Adversaries are leveraging AI, forcing a new defense strategy: humans and AI working in tandem. While AI excels at processing vast telemetry at speed, it struggles with the 'why' behind threats and distinguishing novel malicious intent from benign anomalies.
CrowdStrike's approach centers on an adaptive AI system continuously guided by elite human defenders. These agents operate with expert judgment, delivering accuracy that keeps pace with modern adversaries. This blog explores how CrowdStrike's human-AI feedback loop powers high-performance defense.

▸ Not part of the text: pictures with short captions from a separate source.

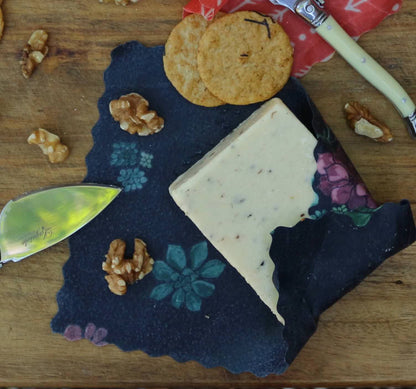 Apiwraps Beeswax Wraps Cheese Lovers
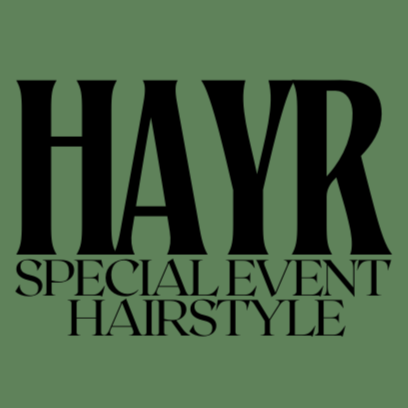 Special Event Hairstyle at HAYR  STATESBORO in Statesboro, GA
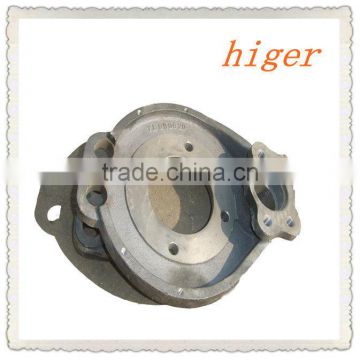 aluminum die casting Automobile Water Pump Accessories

Expert-Annotated Security Data
CrowdStrike analyzes trillions of security events daily. Its advantage lies in how this data is interpreted and validated by humans who stop breaches. Falcon Complete analysts and Falcon Adversary OverWatch hunters document attacker intent and tradecraft during live intrusions.
This reasoning is fed back into CrowdStrike's training corpus, creating a living dataset grounded in real-world decision-making. The result is an expert-validated security data layer that synthetic datasets cannot match, forming the foundation for CrowdStrike's agentic security capabilities.
The Human-AI Feedback Loop in Action
Teaching AI agents the 'why' behind decisions requires human-annotated data capturing context, subtle signals, and adversary tradecraft—insights LLMs cannot replicate. Every triage, escalation, and remediation action by Falcon Complete analysts trains CrowdStrike's underlying models.